Remembering David McMahon
Fort Smith businessman, cattle rancher and quiet philanthropist David McMahon has died. He was 84, and would have been 85 on Saturday (March 26).
McMahon, along with wife Mary Ann, owned and operated Belle Point Beverages, a Budweiser distributorship located in downtown Fort Smith, and Belle Point Ranch near Lavaca.
He is survived by his wife, Mary Ann, and children Mary Lynn, David Jr., Kathleen, Julie and Susan. Susan McMahon Taylor serves as the president of Belle Point Beverages, and Kathleen McMahon McGuire is the company’s corporate secretary. (A formal obit is posted at the end of this story.)
The beverage distributorship was founded in 1943 by his father Donald, and grew by selling beer to troops training at what was then Camp Chaffee. The business became an Anheuser-Busch distributorship in 1946.
After graduating from Oklahoma A&M (now Oklahoma State University), David served in the military and served in Korea.
His father died in 1965, and David inherited the business. David and Mary Ann began cattle farming in 1956, but expanded the cattle operation in 1975 when they bought the ranch property in Lavaca – recognized by many as the farm with the large silo painted to look like a Budweiser can. The family has held a large Angus production sale every year since 1978. The theme for each sale is “The Great Ones Make It Look So Easy!”
Fred Williams said McMahon was one of the great ones. Williams, founder of Fort Smith-based Williams-Crawford & Associates, and who along with his wife Shirley operate an Angus cattle farm in Crawford County, said he first met McMahon in April 1981.
“And ever since he was one of the best and truest friends I’ve ever had,” Williams said.
Williams said McMahon has a sign in one of his barns that notes, “All the money in the world can’t buy you and a good friend and it can’t pay you for the loss of one.”
Several years ago, and just a few weeks after the tragic loss at an early age of Fred and Shirley’s son Jackson, Williams said McMahon loaded him up on a private plane to attend a cattle sale in Kentucky.
“Well, it just so happened that on that plane was a priest who specialized in grief management, and there was also on the plane a psychologist who worked in grief management,” Williams said.
Later in the trip when he confronted McMahon about the priest and the psychologist, Williams said McMahon’s response was, “Well, I didn’t know they were grief specialists.”

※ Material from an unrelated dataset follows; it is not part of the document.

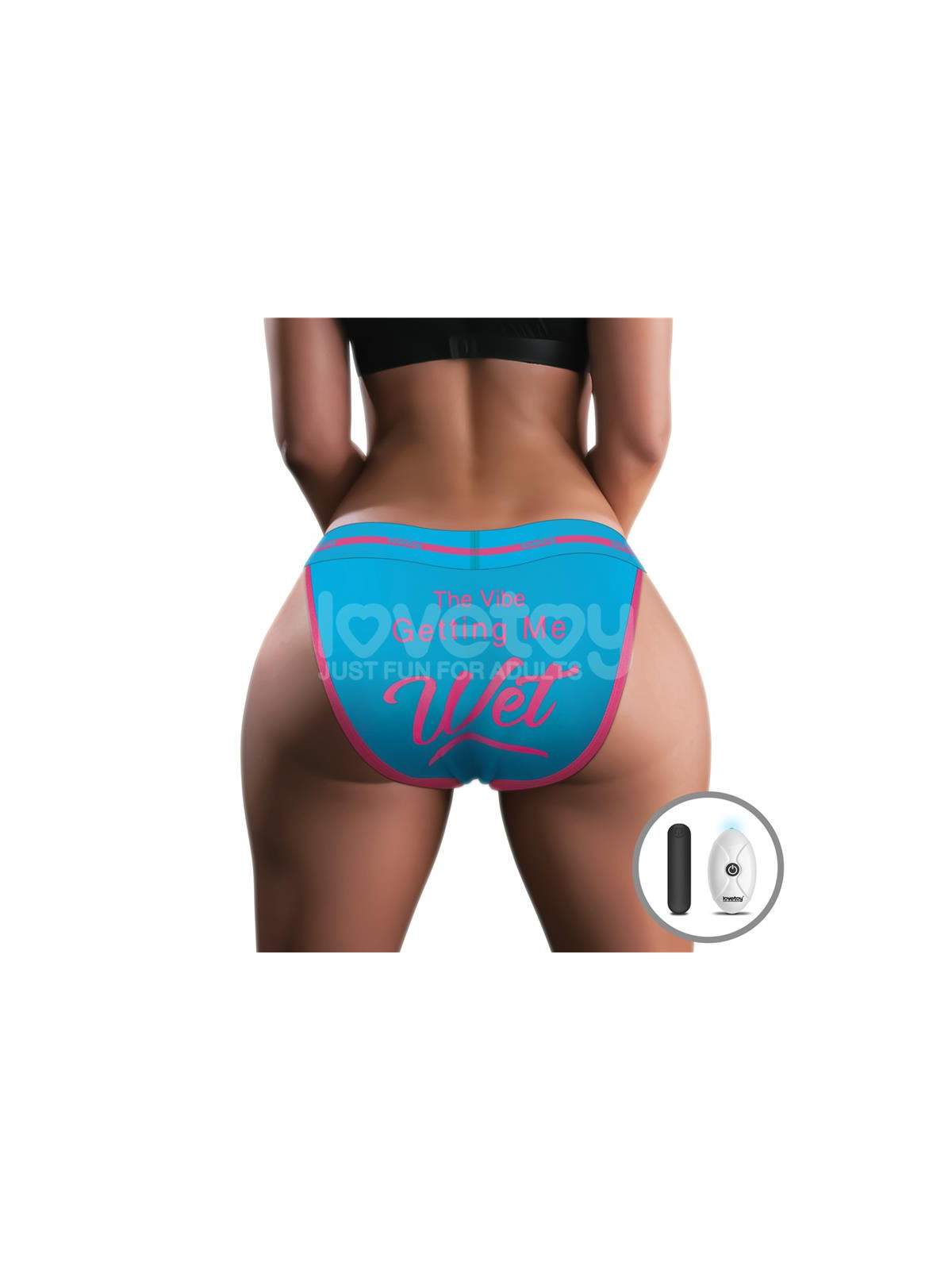 Braguitas con Vibración Printed Panties 24-27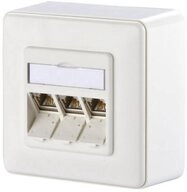 Metz Connect Netzwerkdose 1309130002-E Netzwerk-Adapter, Modulf&auml;hig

“That was him. He was as loyal a friend as you’d ever want,” Williams said.
Bill Hanna, president of Fort Smith-based Hanna Oil & Gas, said McMahon and his father Jim – who passed away in July 2010 – were good friends and part of a hard-working, self-made generation.
“He (McMahon) was old school. … He probably commanded a lot of respect, or really he earned it, by what he did. I love that generation. We’ve all known guys like Dave … they speak their mind and they do things the way they want to do it,” Hanna said.
Hanna and Williams also agreed that McMahon was an early investor and believer in downtown Fort Smith.
“He located downtown at a time when downtown wasn’t the place to be,” Hanna said. “He had a pride in his operation and how it fit in with the riverfront. You can tell a lot about a businessman in how he takes care of his assets.”
Williams also said McMahon and the McMahon family have given much to not just people and organizations in the area, but around the nation.
“He did so much; so, so much. But he would never want anybody to know,” Williams said.
To that point, a November 2011 story for the American Angus Foundation detailed the many ways David and Mary Ann helped grow the educational foundation, including David’s work as co-chair of the “Vision of Value: Campaign for Angus” effort that as of December 2011 had raised $11 million for education, youth and research.
“We are a people business, not just a cow business,” David McMahon said in the story. “America must get better with youth and in education.”